- EXERCISE INSTRUCTIONS -
Would you transcribe the whole listing exactly and drop its images?

------------------------------------------------------------------------

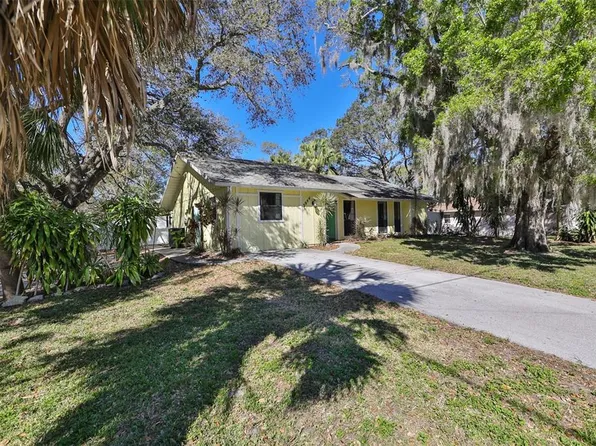 3944 Iola Dr, Sarasota, FL 34231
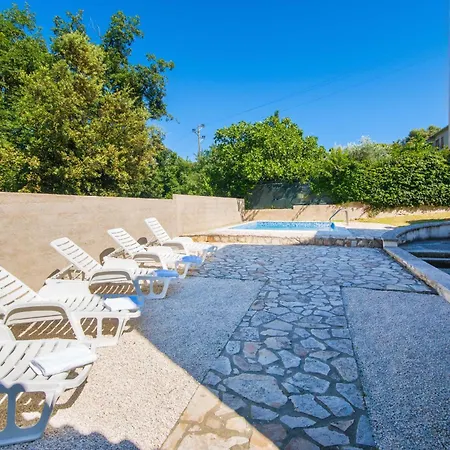 Loredana, A Warm And Sunny Close To The Vinkuran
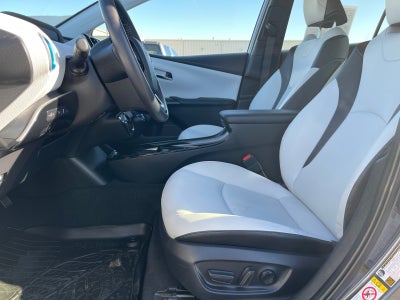 2020 Toyota Prius L Eco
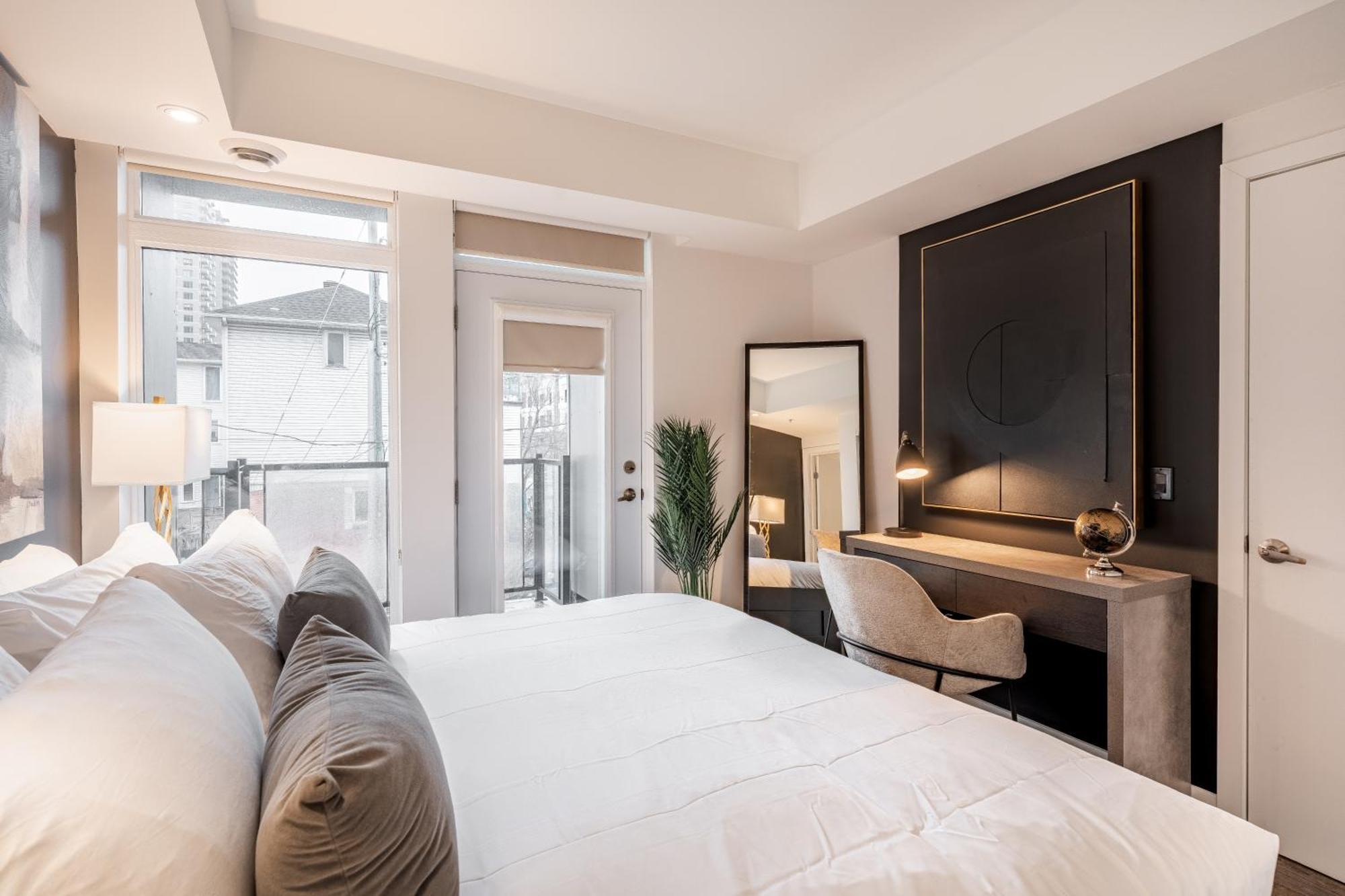 Westview Luxury Suites Оттава Екстер'єр фото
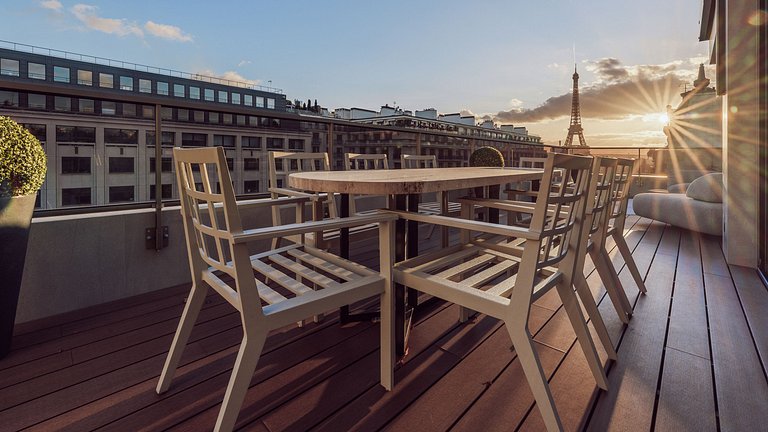 Par096 - Luxury penthouse on Avenue Montaigne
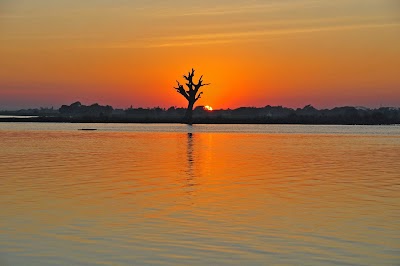 Photos of Taung Tha Man Lake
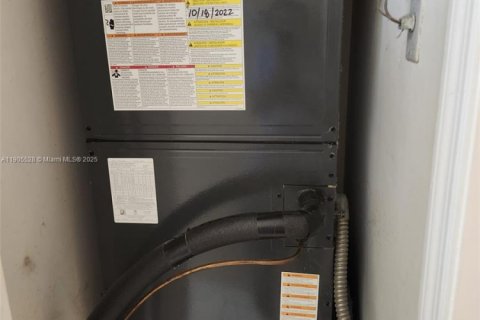 Купить виллу или дом в Майами, Флорида 3 спальни, 140.75м2, № 1956210 - фото 8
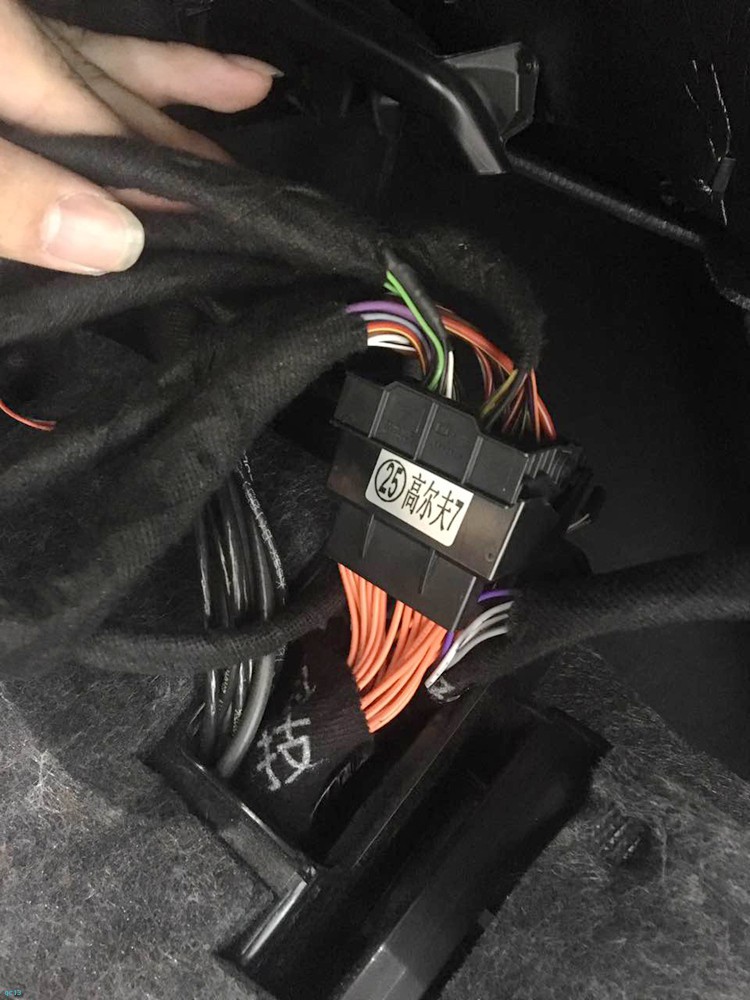 奥迪q7同级别的车型,奥迪q722款55tfsisline运动型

------------------------------------------------------------------------

- FINAL ANSWER -
 3944 Iola Dr, Sarasota, FL 34231
 Loredana, A Warm And Sunny Close To The Vinkuran
 2020 Toyota Prius L Eco
 Westview Luxury Suites Оттава Екстер'єр фото
 Par096 - Luxury penthouse on Avenue Montaigne
 Photos of Taung Tha Man Lake
 Купить виллу или дом в Майами, Флорида 3 спальни, 140.75м2, № 1956210 - фото 8
 奥迪q7同级别的车型,奥迪q722款55tfsisline运动型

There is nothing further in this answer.